At first this seems somewhat puzzling. An undeniably beautiful, talented singer who plays with gender not only onstage but offstage as well, who is discernibly queer, who sings not pop but traditional, serious sevdah music – is incredibly popular all over Bosnia?
On first reading, it seems that Vrećo’s queerness conflicts not only with the traditional music genre but with the values of a supposedly conservative society disinclined towards LGBT rights (more on that later). Indeed, just last year religious leaders in the region blamed Conchita Wurst’s Eurovision win for the devastating floods across the Balkans. And yet Vrećo’s very queer performances and unapologetic personal gender presentation in interviews and the like have not inspired a massive societal or religious backlash. It was even difficult to find the level of anonymous internet abuse by commenters that I’d expected. Instead, Vrećo and Halka are popular not just in Sarajevo but all over Bosnia, including Republika Srpska, where they’ve filled concert halls with eager listeners. They play sold out shows all over the former Yugoslavia, from Ljubljana to Podgorica, and are lauded by the local media. Vrećo has been praised as an excellent ambassador for Bosnia and Herzegovina at concerts outside of the country. Perhaps it is all less shocking than it appears. Indeed, Milorad Kapetanović[1] points out that the ‘tradition’ of sevdah itself is more of a retroactive myth which has served the creation of a Bosnia[n/k] identity after the war. Musical heritage, he argues, is not a stable canon but a changing collection of historical goods which are used by the present to invent and define the past.
Sevdah, then, is not an unchanging and unchangeable genre, but a fluid space with meanings that have been reinscribed to serve contemporary purposes. Sevdah itself has room for Vrećo’s interpretation of it.[2] And Bosnian society? Vrećo’s popularity forces a reinterpretation of its supposedly negative attitude towards queerness, as well as of the popular view that queerness itself is foreign to Bosnia.
Queer
To qualify what I mean by ‘queer’ – I am not ascribing to Vrećo any particular identity category, nor would I guess at his sexual orientation or gender identity. What I call his ‘queerness’ is simply the way in which Vrećo presents his gender in his public performances, in his music itself, in his media interviews, and more private venues such as social media. His gender presentation – on and offstage – defies heteronormativity and a fixed system of two genders. Maljkovic[3] describes queer as ‘the identity which negates identity’ in that it is not meant to be a fixed identity marker but a broad signifier of all things which challenge heteronormativity. Indeed, he asserts that queer itself poses a challenge to the ‘essentialized’ identities under the LGBT umbrella, as well as the idea that such identities are stable over time and place.
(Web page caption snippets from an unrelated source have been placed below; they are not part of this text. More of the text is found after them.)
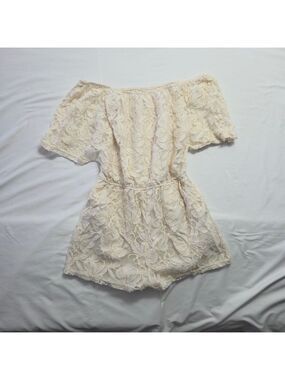 BB Dakota Nikola White Lace Off The Shoulder Romper Small Bridal Boho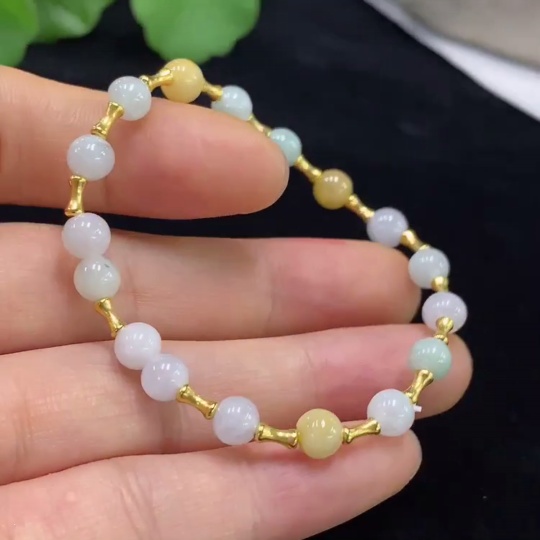 F31586664 Jadeite Bracelet, Approx. 5.3mm, 18K, Total Weight Approx. 5g, Color Origin Undetermined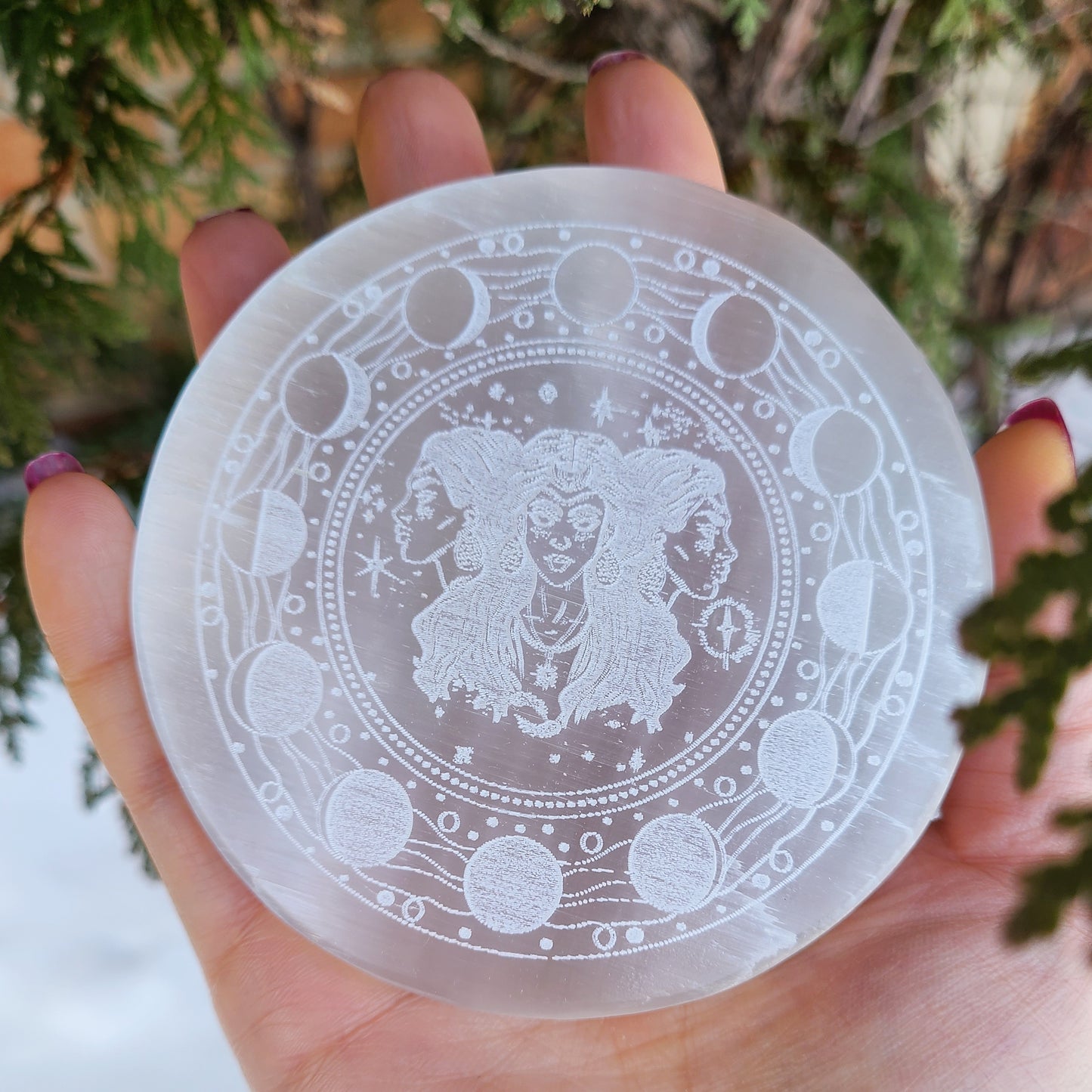 TRIPLE MOON Selenite Plate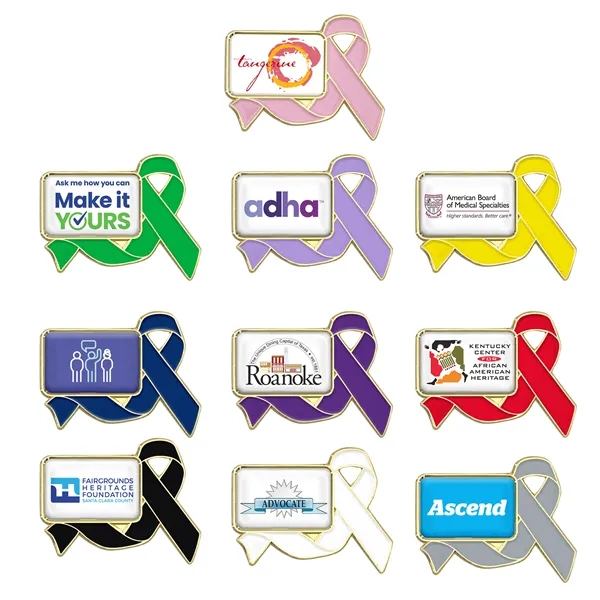 Awareness Ribbon Lapel Pins w/ Custom Logo - Awareness Ribbon Lapel Pins w/ Custom Logo - Image 7 of 16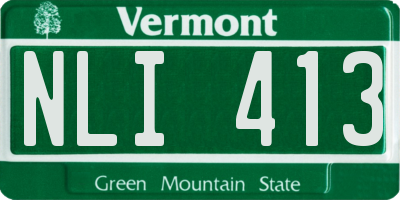 VT license plate NLI413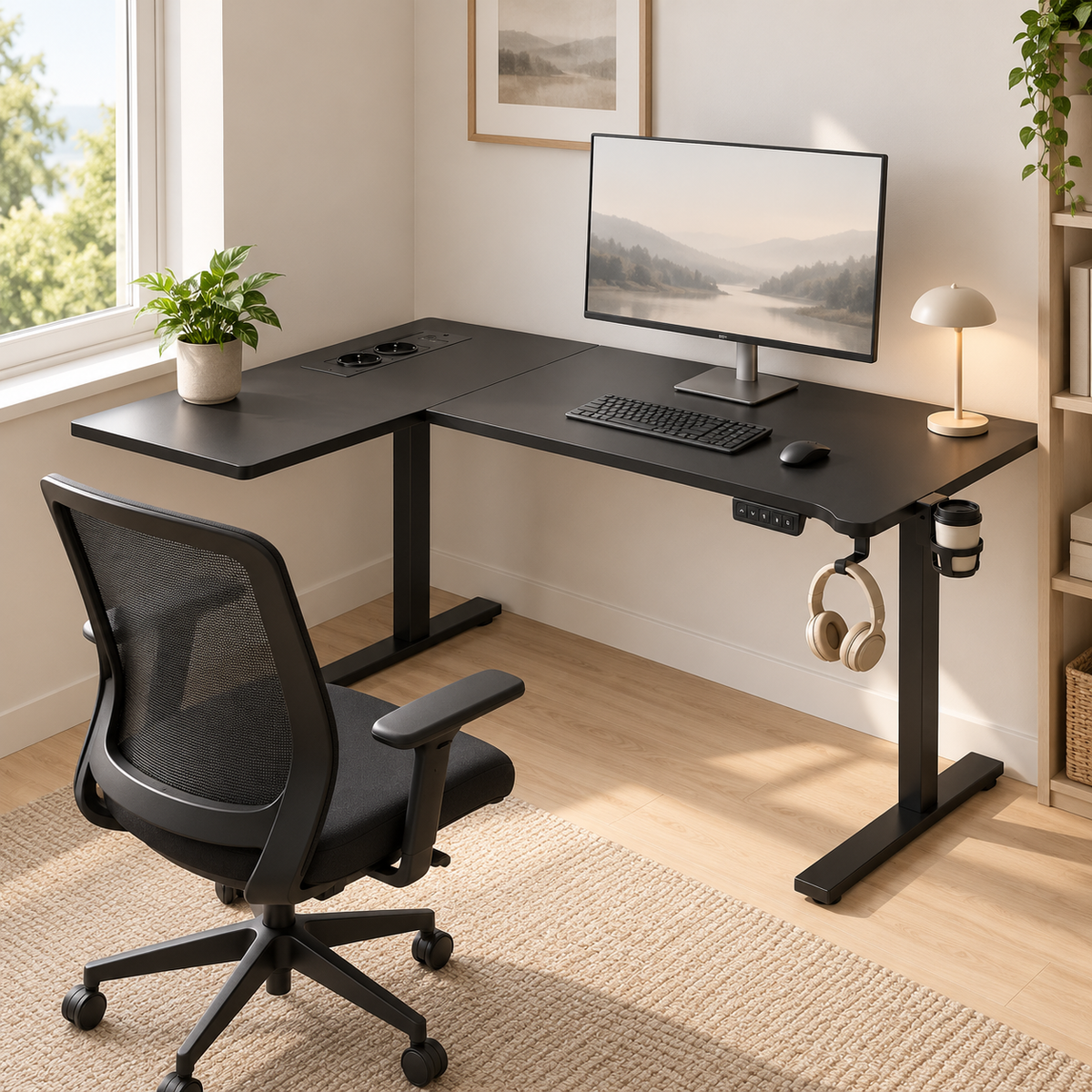 Bureau d'angle assis-debout 160 x 120 cm noir installé dans l'angle d'un bureau à domicile lumineux
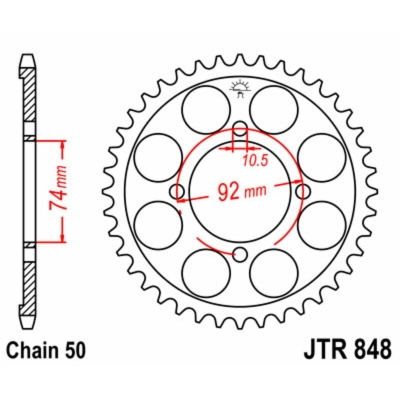 Corona JT SPROCKETS acero estándar 848 - Paso 530 - motoscamaralweb.com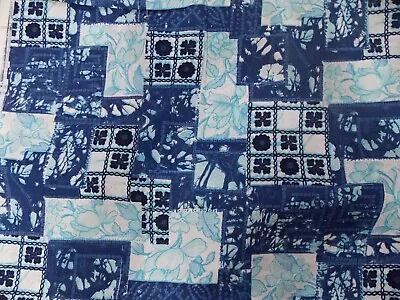 Estate Fabric WTW Vintage Retro Mod Floral Tropical Hawaiian Tiki Cheater Blue  • $14.99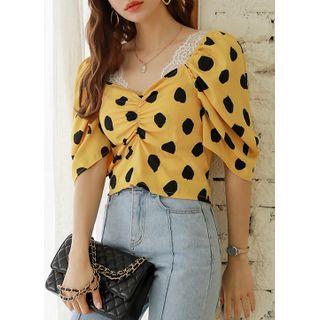 Off-shoulder Shirred Dotted Crop Top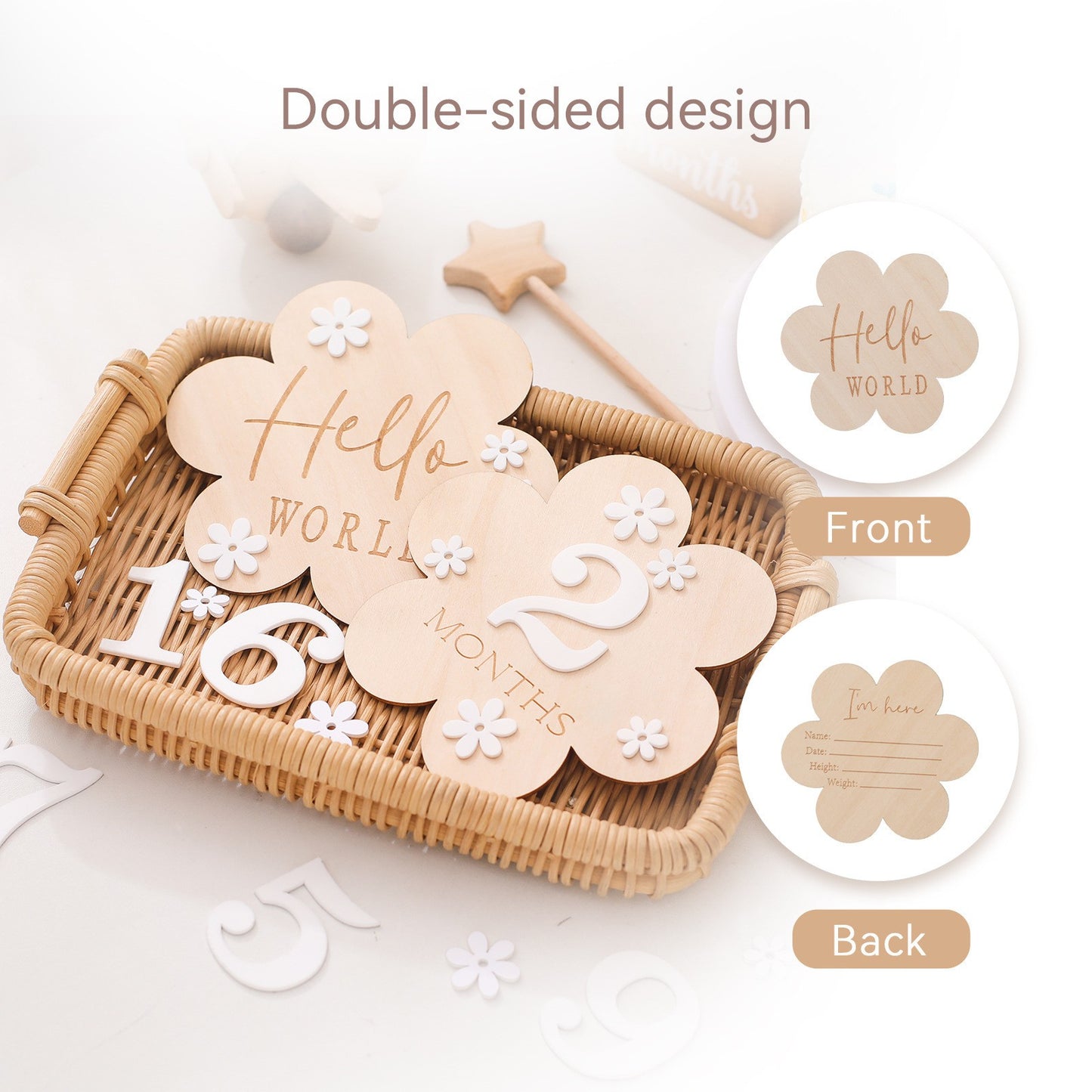 Cartes Étapes Bébé Fleur en Bois - Accessoires Photo Mensuels
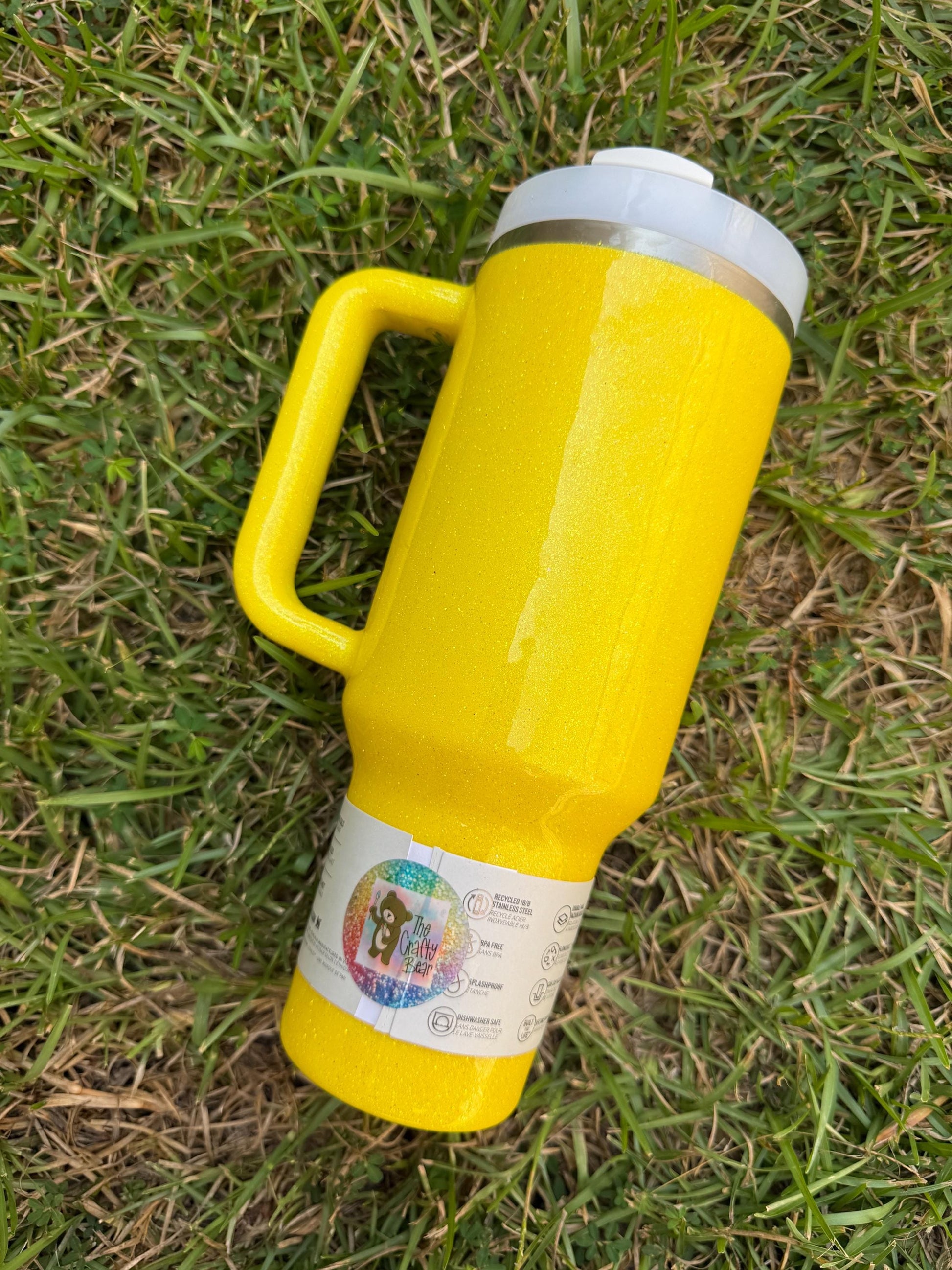 Yellow Glitter Stanley Tumbler: Solid sun Yellow Sparkle tumbler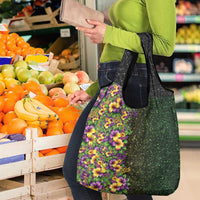 Hawaii Mardi Gras Grocery Bag Tropical Flowers Glitter Style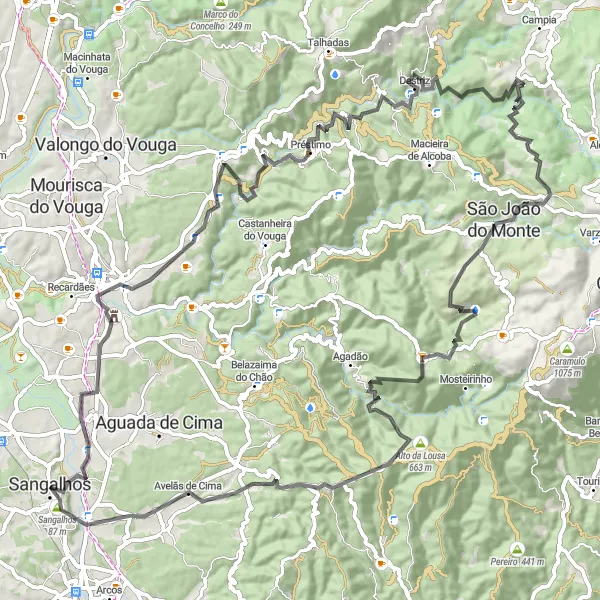 Miniatura do mapa de inspiração para ciclismo "Exploração Arqueológica em Avelãs de Cima" em Centro (PT), Portugal. Gerado pelo planejador de rotas de ciclismo Tarmacs.app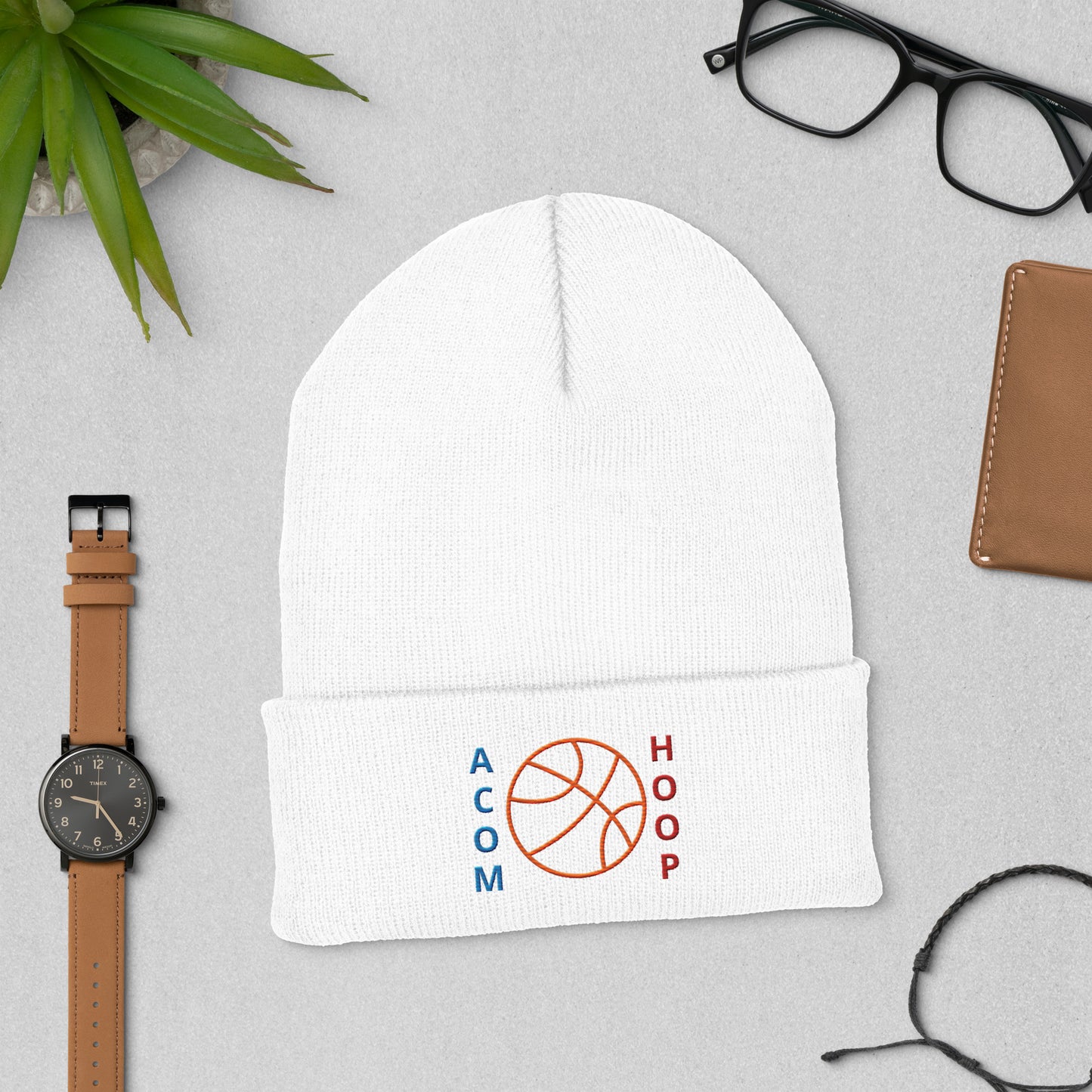 A CUP OF MOTIVATION HOOPS Cuffed Beanie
While queer performances are not new in the Balkans, Vrećo’s queer is boundary-breaking precisely because of the continuity between his public and ostensibly private personas. Unlike musicians who embody queerness onstage only to loudly disavow them offstage and brand them an act (see Oliver Mandic), Vrećo insists on the authenticity of his onstage presence and the blending of his private self and artistic persona. In his own words, his ‘male-female duality’ is natural and authentic. He very often emphasizes the ‘honesty’ of his performances and suggests that his audiences respond to this and come to concerts without prejudices and limitations. Indeed, it is evident that Vrećo does not perform in drag, unlike, for example, Conchita Wurst, who has another identity when she is not onstage. Vrećo does not have a stage name. Performing or not, his gender presentation is in no way campy, nor does it resemble drag’s exaggerated femininity – what Mitrović calls “over-identification with patriarchal ideals of femininity.”[4] To reiterate, the makeup or dresses he wears are not worn in order to pass as a woman, but simply as himself. He embodies not an anodyne androgyny (which I read as the ability to pass as both female and male, and is most often exemplified by thin, white, conventionally attractive bodies in a high fashion setting) but a jubilant genderqueerness.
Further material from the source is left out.